Some solar energy adopters wish to use their solar panels in the classic manner – installed on a roof or in their backyard. Still, there are situations where installing a flat solar panel is near to impossible, due to space limitations in places like corporate buildings or where aesthetics matters.
Filling the niche of tight solar power space, Pythagoras Solar has developed a double-pane window, with two glass units placed about one inch apart in a metal frame. The glass is made of several tiles, each having a thin monocrystalline solar cell to harvest the light. The rectangle-shaped tiles, besides allowing daylight to enter through, have internal mirrors reflecting light onto the solar cells.
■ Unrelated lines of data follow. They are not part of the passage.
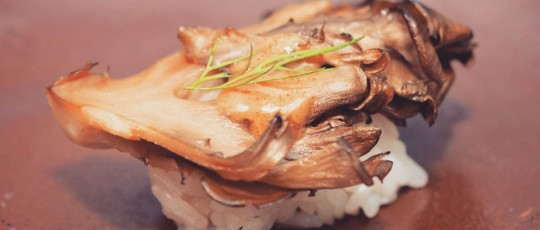 erik aplin sushi vegano nigiri di funghi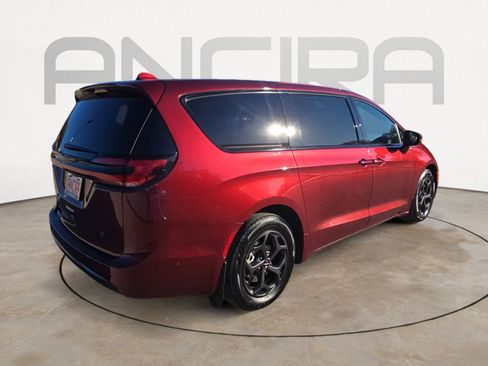 Certified 2022 Chrysler Pacifica Limited w/ Uconnect Theater Family Group image 10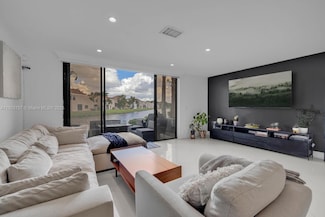 10731 NW 14th St Unit 275, Plantation, FL 33322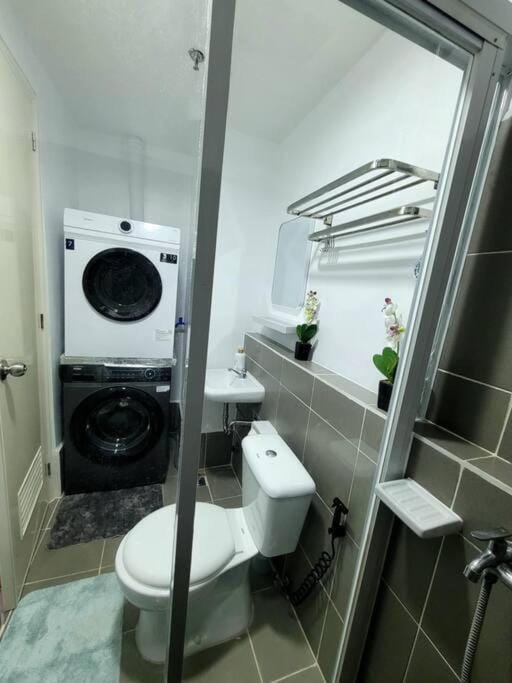 Toilet, Bathroom, bidet, washing machine, dryer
The metal frame is used to dissipate the heat and protect the cells.
The key to the design is a plastic prism, placed on the outside of the glass unit, and the adhesive materials used, said company Vice President Udi Paret. “We manipulate the light with optics so the direct light gets onto the cell and the materials make the heat dissipate,” he explained. Paret also says that the mirrors that concentrate the light onto the solar cells help producing as much electricity as a comparably-sized solar cell placed on a flat roof. The ROI (return on investment) is estimated to be of five years.
Pythagoras Solar has been founded in 2007 and has received $12 million in venture capital, partnering with China Sunergy, providing the solar cells and Flextronics to assemble the final product.